Perhaps the isolation was deeper still. There is a sense in which Hamsun’s irresponsibility – the trait which makes the early novels so exciting, so novel – was total. People did not exist for him. Nobody was ever very close to Hamsun. In 1928 his wife wrote a secret letter to a friend of hers: ‘he has not a single so-called friend . . . he cannot be bothered to write letters to friends, and . . . in the course of time all people have become a matter of indifference to him. This may be a fault, but it is simply how Hamsun is . . . His work is his only friend, his only love, and the rest of us just have to accept this.’ Such a man, one thinks, could not have begun to appreciate what a responsible politics would be. We are used to the idea that a contrarian politics, of the far left or right, is a deeply pondered, intellectual formation, or at least a bristle of fiercely held prejudices. But Hamsun, as ever, shows us his back parts, poses the rude negative. Suppose, instead, that a contrarian politics is not thought at all, and not even a rusty instinct, but simply an enormous irresponsibility, an irresponsibility towards politics itself? When, in 1943, Hamsun made his infamous visit to Hitler, the meeting was a farcical disaster. Hamsun showed no respect for Hitler. Almost completely deaf, he lectured the Führer in Norwegian, loudy complaining about Josef Terboven, Hitler’s representative in Norway, whose vicious administration Hamsun disliked. Hitler was furious. An aide later recalled that Knut Hamsun was the only man he had ever seen thwart Hitler.
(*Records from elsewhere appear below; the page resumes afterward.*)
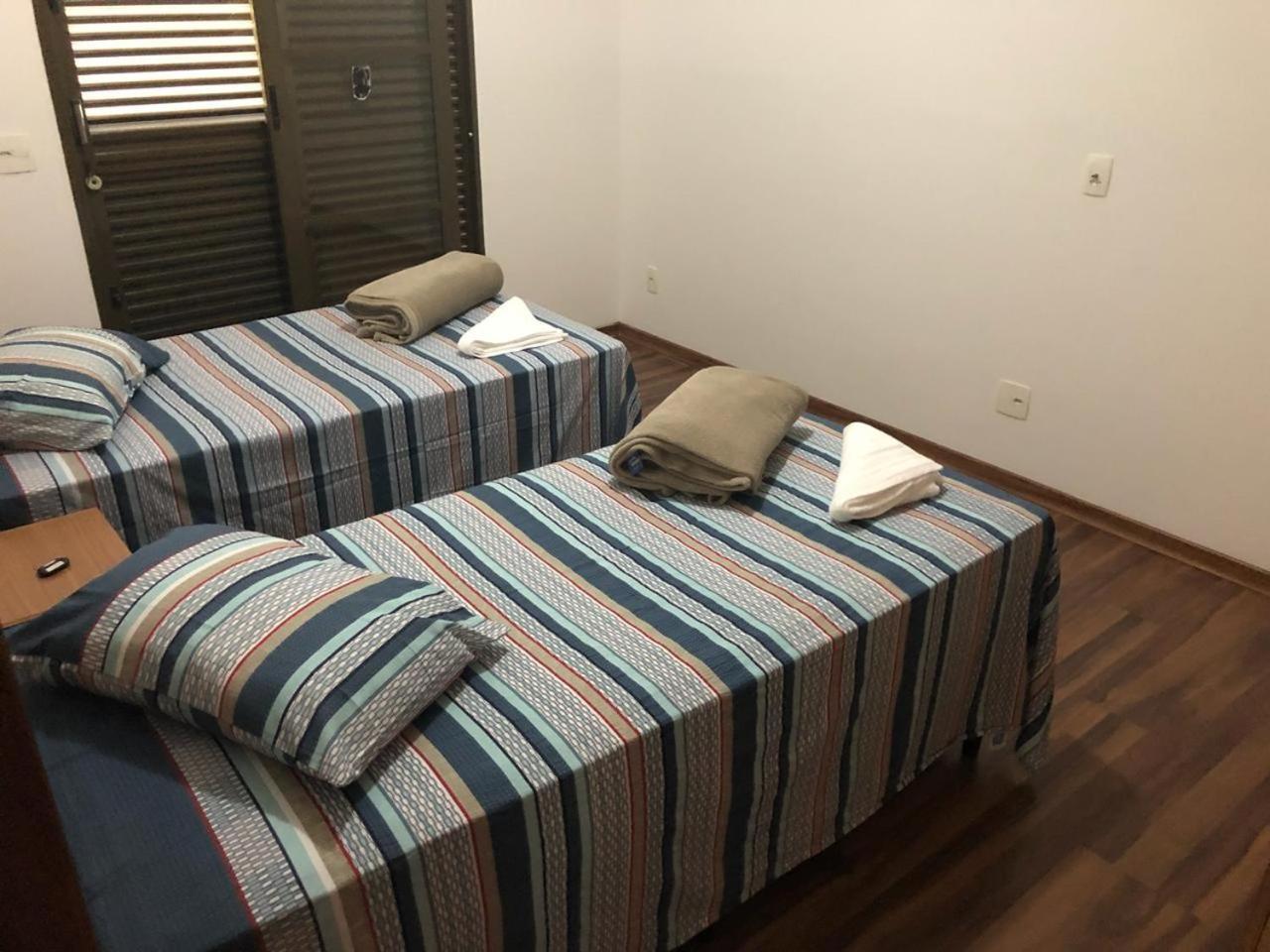 Hospedagem Oliveira Vaz Lobo Apartment Mococa Exterior photo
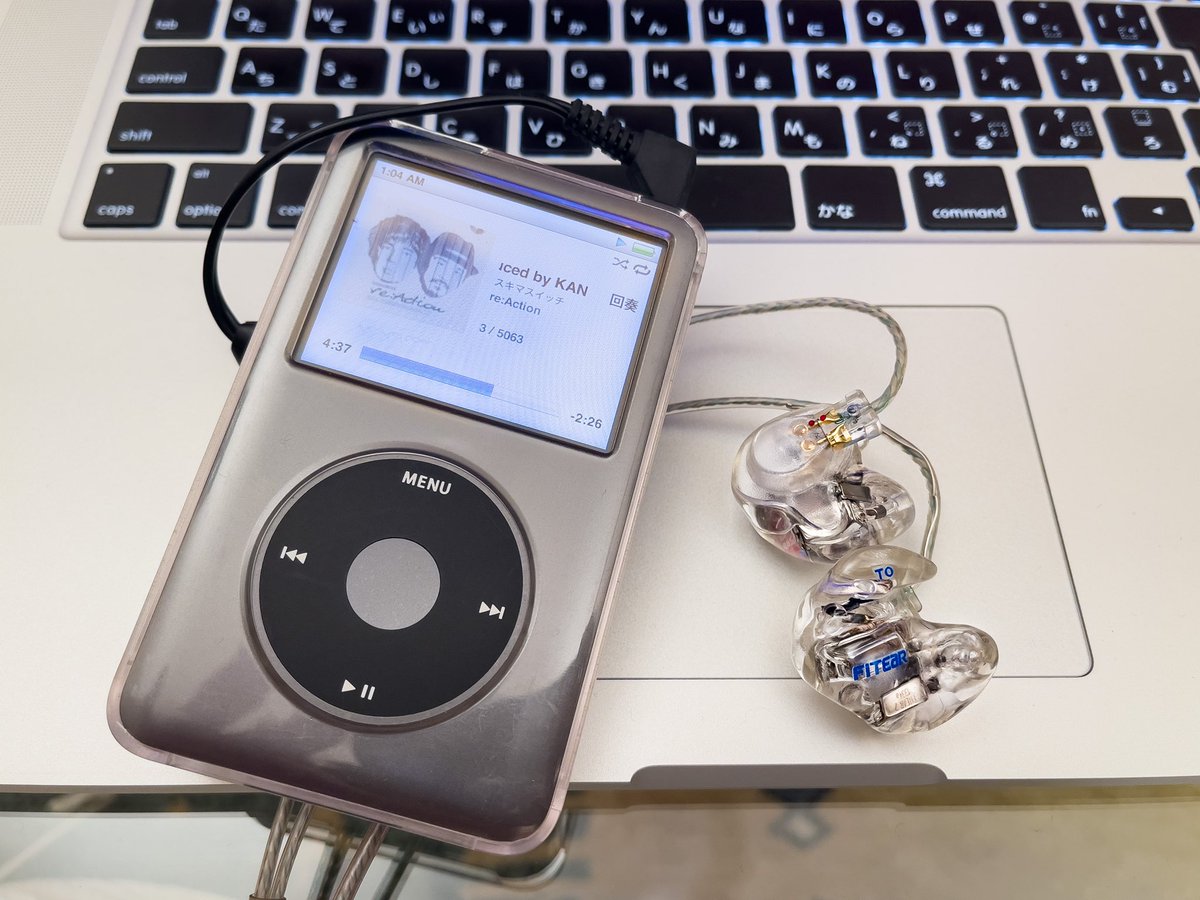 ttp1118's tweet photo. 最新曲がすぐ聴けない。
iPod classicってちょっと面倒くさい。

でもなんか「音楽聴いてるぞ！」って感じがすごくする。
違った意味での「音の良さ」がある気がする。

解像度高くないし
きびきび鳴れない感じ、なんか素直。

やっぱり面倒って好き。

#ipodclassic #ipod #fitear #mh334 #earmonitor https://t.co/AONU5el5ia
Nevertheless, Hamsun praised both Goebbels and Hitler as reforming idealists, and there is a particular beauty in the simple letter that Harald Grieg, Hamsun’s loyal publisher, wrote to him in 1946. Hamsun had asked Grieg if he was ignoring him because of his ‘treason’. Grieg, who had been arrested by the Germans during the Occupation, wrote: ‘In a battle for life and death we stood on different sides – and still do. There are few people I have admired as much as you, few I have loved so. None has disappointed me more.’
Is Hamsun’s a Fascist art? Are the novels that matter, the great radical novels of the 1890s, tainted? First, and practically, they were written years before Hamsun’s swerve to conservatism, at a time when he still considered himself a man of the left. Second, and more deeply, though they are novels in which the self is seen to invent itself, novels in which a lie is just an ordinary day in truth’s working week, novels that foam with fictionality, they are not novels which tell us, fascistically or any other way, that human beings do not exist or do not matter. On the contrary, it is because the souls of Hamsun’s heroes are bottomless that they so fiercely exist. That they are not knowable, that they so earnestly resist knowability, only increases their mysteriousness and increases our respect for their soiled privacies. Monsters of self-consciousness, they are also damaged heroes of selfhood, painfully assembling and dismantling an individuality so extreme that it is uncontainable.